加藤シェフ「レストラン時代では、デザートのアイデアやイメージは自然だったり、食材だったり、アートだったり読んだ本だったり、様々なところから来ています。昨日も美術のギャラリーを休み時間に足を運んで見たりしました。“インプットしないとアウトプットできない”と思っています。

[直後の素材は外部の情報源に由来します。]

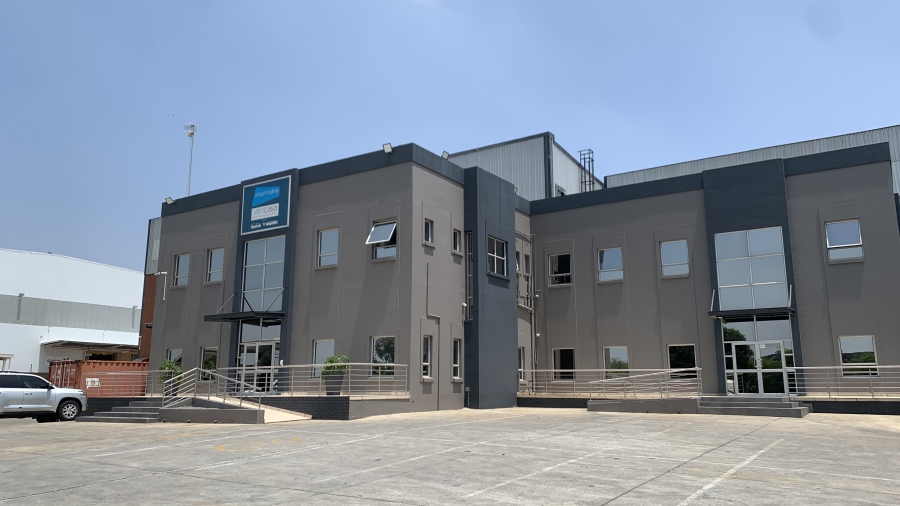 To Let commercial Property for Rent in Gosforth Park Gauteng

それは“自分の中で豊かさがないと豊かなものをつくれない”と思うから。自分の中で自分の世界にこもっても、人に伝えられるものができるとは思えないんです。」
Q.そんな中でも、どんな体験が想像力や食体験につながっているのでしょうか?
加藤シェフ「一番好きな旅行ですね。今は行けないのが残念ですが、私の強みとしては、世界の色々な食材を知っているということ。人間の脳ってコンピューターのようにできているので、味の記憶や香りの記憶というものが、どんどん蓄積されていって、その蓄積されたものが自分の引き出しになるんです。その食体験が多ければ多いほど、分析力がより深くなっていくと思っています。」
Q.加藤峰子シェフが、「美味しい」を超えたメッセージ性のあるデザートを作る、その理由を教えてください。
加藤シェフ「“食”という体験は、毎日私たちが食べ物を身体の中に入れること。だからこそ、一番自分ごとになりえるテーマ性のあることだと思います。“食べる”という行為から、人それぞれの“気づき”になることが重要で、その気づきが次の“進化”へとつながります。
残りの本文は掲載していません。